EXERCISE: Produce exactly the lines from the one holding "Cute Children Coloring Book" through the last line of the data below, with every picture left out.

DATASET EXTRACT:
┄┄┄┄┄┄

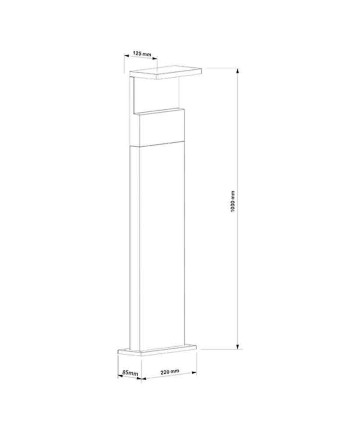 RUKA * BOLARDO LED 13W - GRANDE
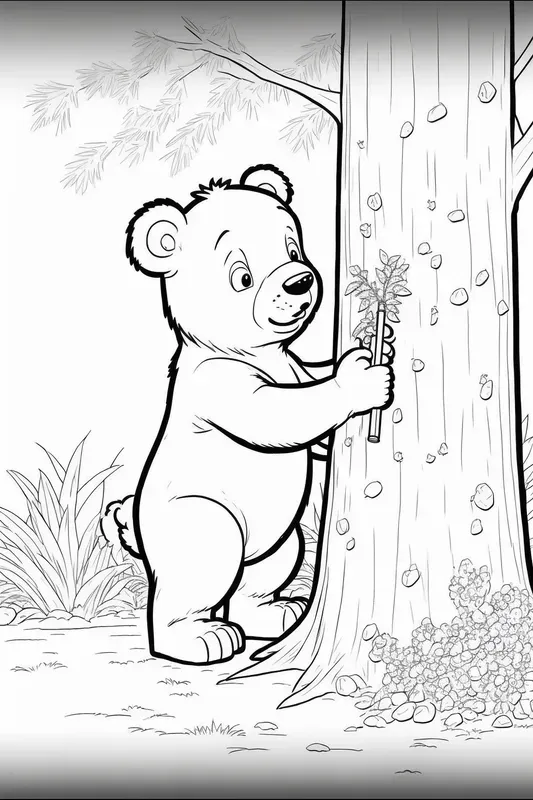 Cute Children Coloring Book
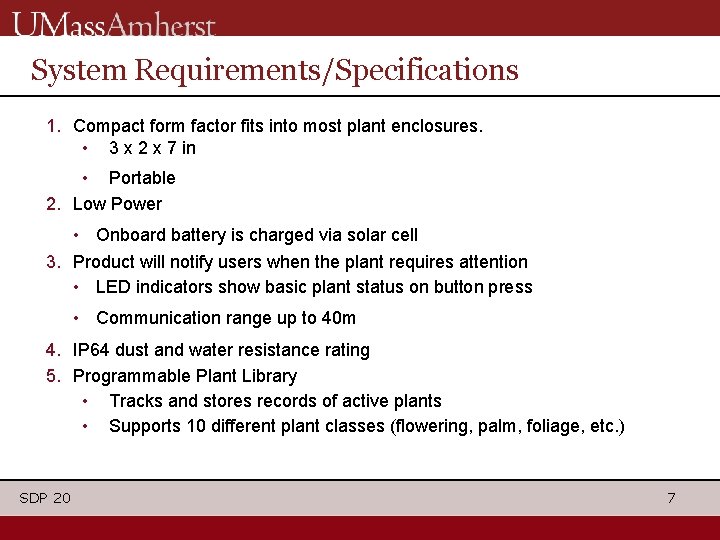 System Requirements/Specifications 1. Compact form factor fits into most plant enclosures. • 3 x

┄┄┄┄┄┄

SOLUTION:
 Cute Children Coloring Book
 System Requirements/Specifications 1. Compact form factor fits into most plant enclosures. • 3 x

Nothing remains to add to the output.